*Exercise description*
Below are entries. Copy exactly the lines running from the line that holds "幽默的加菲猫的第一张照片--开封相亲服务中心" to the line that holds "Building Photo - 200-1200 Rideau St", with both ends included.

*Data to use*
◇ ◇ ◇ ◇

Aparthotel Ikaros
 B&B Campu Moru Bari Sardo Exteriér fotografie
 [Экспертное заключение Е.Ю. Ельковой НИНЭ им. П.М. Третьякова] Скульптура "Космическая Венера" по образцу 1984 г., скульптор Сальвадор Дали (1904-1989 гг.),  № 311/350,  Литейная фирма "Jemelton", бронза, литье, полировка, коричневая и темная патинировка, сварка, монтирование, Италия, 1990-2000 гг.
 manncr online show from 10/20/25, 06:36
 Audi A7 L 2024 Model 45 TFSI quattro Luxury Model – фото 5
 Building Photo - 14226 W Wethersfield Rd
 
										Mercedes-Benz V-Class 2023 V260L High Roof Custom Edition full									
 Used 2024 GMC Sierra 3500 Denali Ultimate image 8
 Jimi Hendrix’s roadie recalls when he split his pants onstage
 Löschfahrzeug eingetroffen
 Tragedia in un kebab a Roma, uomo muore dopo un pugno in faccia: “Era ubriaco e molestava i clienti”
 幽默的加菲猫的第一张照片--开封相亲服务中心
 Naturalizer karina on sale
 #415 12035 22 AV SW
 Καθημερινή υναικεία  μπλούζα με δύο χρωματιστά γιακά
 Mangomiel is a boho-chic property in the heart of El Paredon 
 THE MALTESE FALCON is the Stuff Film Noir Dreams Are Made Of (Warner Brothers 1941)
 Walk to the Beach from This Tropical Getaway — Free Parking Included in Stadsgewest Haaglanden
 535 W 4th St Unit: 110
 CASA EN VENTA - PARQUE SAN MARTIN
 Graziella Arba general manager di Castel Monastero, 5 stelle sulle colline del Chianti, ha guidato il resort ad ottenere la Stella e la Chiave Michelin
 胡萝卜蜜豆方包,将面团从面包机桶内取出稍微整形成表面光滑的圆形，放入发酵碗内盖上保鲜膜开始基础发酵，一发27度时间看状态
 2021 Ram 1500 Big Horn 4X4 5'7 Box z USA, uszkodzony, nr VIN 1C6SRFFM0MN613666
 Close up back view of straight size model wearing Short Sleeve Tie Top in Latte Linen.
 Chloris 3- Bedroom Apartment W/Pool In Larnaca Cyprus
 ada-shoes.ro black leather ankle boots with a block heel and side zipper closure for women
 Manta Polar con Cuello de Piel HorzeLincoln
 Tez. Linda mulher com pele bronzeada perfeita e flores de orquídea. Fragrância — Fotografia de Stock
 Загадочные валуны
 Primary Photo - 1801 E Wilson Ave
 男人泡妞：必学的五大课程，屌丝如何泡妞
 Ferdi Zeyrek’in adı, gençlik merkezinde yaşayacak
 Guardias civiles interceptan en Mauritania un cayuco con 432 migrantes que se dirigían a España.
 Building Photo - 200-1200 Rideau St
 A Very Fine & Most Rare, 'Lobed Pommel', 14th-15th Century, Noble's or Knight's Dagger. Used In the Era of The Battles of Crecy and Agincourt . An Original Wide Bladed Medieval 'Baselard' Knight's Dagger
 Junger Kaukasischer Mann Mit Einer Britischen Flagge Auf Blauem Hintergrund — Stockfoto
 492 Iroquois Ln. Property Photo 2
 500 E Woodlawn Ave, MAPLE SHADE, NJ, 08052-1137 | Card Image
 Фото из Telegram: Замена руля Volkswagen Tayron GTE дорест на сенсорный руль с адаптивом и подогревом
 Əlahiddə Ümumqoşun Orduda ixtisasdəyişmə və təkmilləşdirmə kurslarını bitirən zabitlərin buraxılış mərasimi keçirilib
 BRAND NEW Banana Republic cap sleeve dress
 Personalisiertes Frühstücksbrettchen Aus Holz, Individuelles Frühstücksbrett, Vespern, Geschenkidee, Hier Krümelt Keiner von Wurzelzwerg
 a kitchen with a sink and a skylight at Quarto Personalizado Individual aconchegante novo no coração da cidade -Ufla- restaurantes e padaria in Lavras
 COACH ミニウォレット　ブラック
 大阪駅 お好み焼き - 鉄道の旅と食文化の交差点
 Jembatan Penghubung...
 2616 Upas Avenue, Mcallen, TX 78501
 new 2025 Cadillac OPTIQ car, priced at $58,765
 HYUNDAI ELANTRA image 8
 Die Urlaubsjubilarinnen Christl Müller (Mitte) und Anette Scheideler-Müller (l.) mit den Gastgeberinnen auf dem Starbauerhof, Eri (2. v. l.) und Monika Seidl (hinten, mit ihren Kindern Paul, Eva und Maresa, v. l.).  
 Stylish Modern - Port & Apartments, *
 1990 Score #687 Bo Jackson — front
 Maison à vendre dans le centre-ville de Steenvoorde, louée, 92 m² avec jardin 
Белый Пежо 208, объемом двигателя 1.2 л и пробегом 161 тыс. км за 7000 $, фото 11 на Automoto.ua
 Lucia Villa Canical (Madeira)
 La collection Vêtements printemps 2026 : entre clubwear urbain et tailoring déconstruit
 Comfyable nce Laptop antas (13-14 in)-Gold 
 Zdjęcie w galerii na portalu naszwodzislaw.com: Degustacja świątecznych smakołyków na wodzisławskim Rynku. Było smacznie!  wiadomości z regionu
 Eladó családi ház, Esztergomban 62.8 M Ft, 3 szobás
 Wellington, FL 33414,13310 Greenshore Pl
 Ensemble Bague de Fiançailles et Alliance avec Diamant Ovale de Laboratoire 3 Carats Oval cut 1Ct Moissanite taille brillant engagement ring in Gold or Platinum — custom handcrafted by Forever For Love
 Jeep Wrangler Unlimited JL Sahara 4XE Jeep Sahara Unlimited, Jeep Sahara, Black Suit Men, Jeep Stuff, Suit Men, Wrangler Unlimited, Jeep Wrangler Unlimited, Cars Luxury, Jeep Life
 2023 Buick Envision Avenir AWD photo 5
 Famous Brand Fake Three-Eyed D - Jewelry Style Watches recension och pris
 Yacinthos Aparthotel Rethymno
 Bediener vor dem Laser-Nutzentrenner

◇ ◇ ◇ ◇

*Answer box*
 幽默的加菲猫的第一张照片--开封相亲服务中心
 Naturalizer karina on sale
 #415 12035 22 AV SW
 Καθημερινή υναικεία  μπλούζα με δύο χρωματιστά γιακά
 Mangomiel is a boho-chic property in the heart of El Paredon 
 THE MALTESE FALCON is the Stuff Film Noir Dreams Are Made Of (Warner Brothers 1941)
 Walk to the Beach from This Tropical Getaway — Free Parking Included in Stadsgewest Haaglanden
 535 W 4th St Unit: 110
 CASA EN VENTA - PARQUE SAN MARTIN
 Graziella Arba general manager di Castel Monastero, 5 stelle sulle colline del Chianti, ha guidato il resort ad ottenere la Stella e la Chiave Michelin
 胡萝卜蜜豆方包,将面团从面包机桶内取出稍微整形成表面光滑的圆形，放入发酵碗内盖上保鲜膜开始基础发酵，一发27度时间看状态
 2021 Ram 1500 Big Horn 4X4 5'7 Box z USA, uszkodzony, nr VIN 1C6SRFFM0MN613666
 Close up back view of straight size model wearing Short Sleeve Tie Top in Latte Linen.
 Chloris 3- Bedroom Apartment W/Pool In Larnaca Cyprus
 ada-shoes.ro black leather ankle boots with a block heel and side zipper closure for women
 Manta Polar con Cuello de Piel HorzeLincoln
 Tez. Linda mulher com pele bronzeada perfeita e flores de orquídea. Fragrância — Fotografia de Stock
 Загадочные валуны
 Primary Photo - 1801 E Wilson Ave
 男人泡妞：必学的五大课程，屌丝如何泡妞
 Ferdi Zeyrek’in adı, gençlik merkezinde yaşayacak
 Guardias civiles interceptan en Mauritania un cayuco con 432 migrantes que se dirigían a España.
 Building Photo - 200-1200 Rideau St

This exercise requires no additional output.